The task - Pictures in the records are to be omitted; everything else is copied exactly.

Information -
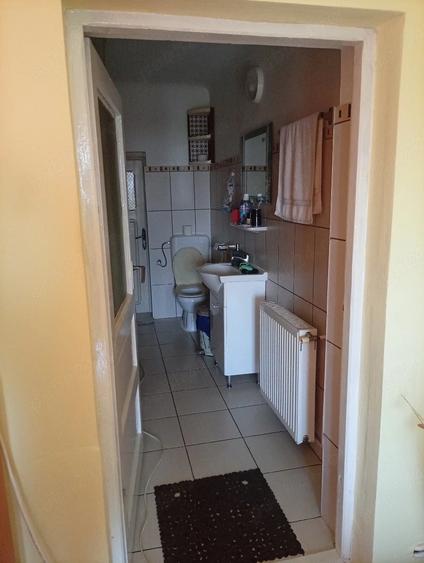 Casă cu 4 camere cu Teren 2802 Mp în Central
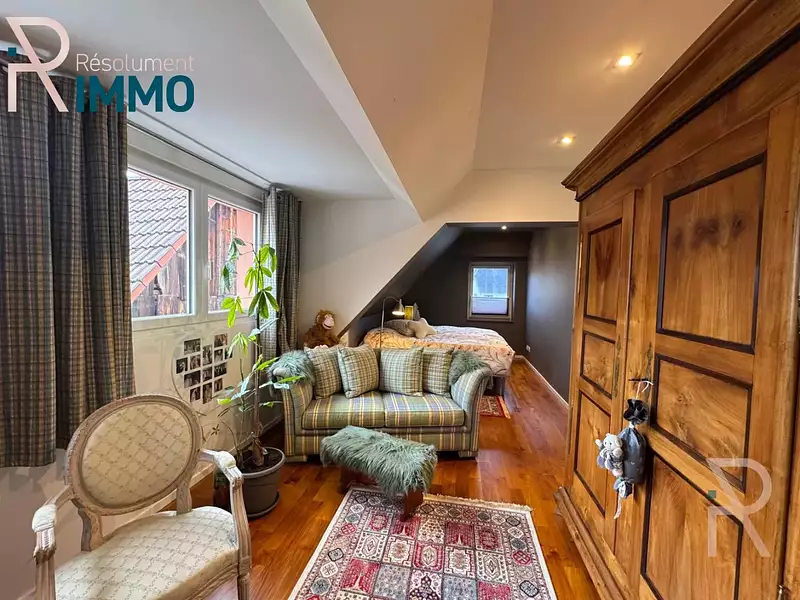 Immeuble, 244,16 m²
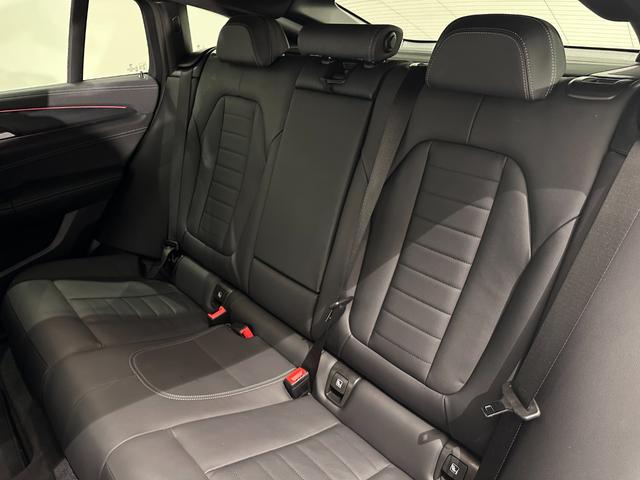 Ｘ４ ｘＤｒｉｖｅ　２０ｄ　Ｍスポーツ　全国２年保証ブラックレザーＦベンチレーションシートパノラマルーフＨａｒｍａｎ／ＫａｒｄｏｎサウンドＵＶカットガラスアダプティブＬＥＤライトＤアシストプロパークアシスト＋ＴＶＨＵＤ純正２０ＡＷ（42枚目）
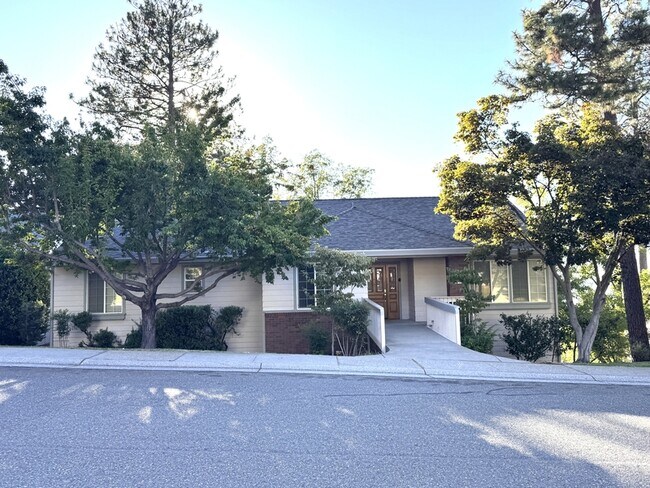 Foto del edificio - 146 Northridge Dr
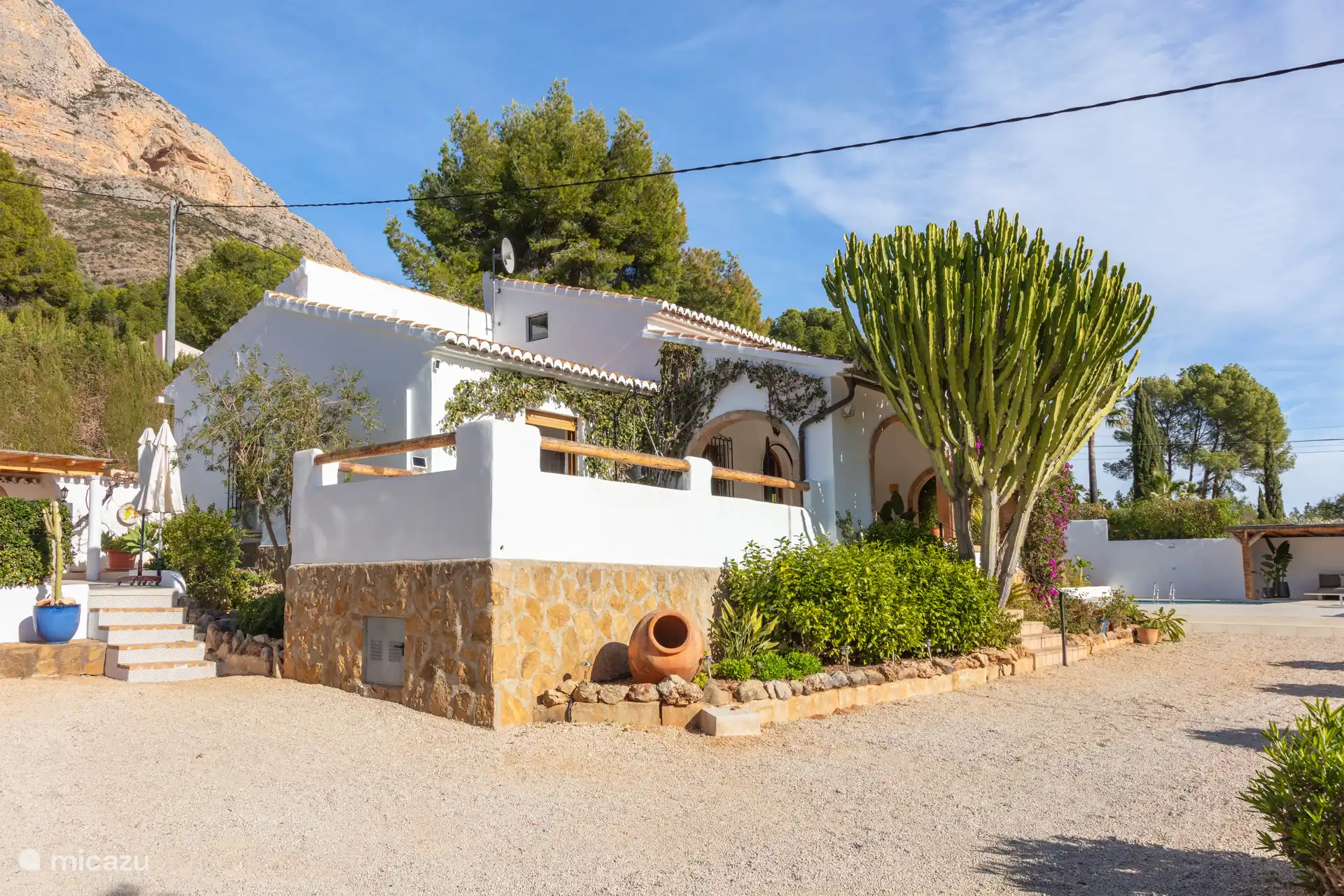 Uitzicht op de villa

Reply -
 Casă cu 4 camere cu Teren 2802 Mp în Central
 Immeuble, 244,16 m²
 Ｘ４ ｘＤｒｉｖｅ　２０ｄ　Ｍスポーツ　全国２年保証ブラックレザーＦベンチレーションシートパノラマルーフＨａｒｍａｎ／ＫａｒｄｏｎサウンドＵＶカットガラスアダプティブＬＥＤライトＤアシストプロパークアシスト＋ＴＶＨＵＤ純正２０ＡＷ（42枚目）
 Foto del edificio - 146 Northridge Dr
 Uitzicht op de villa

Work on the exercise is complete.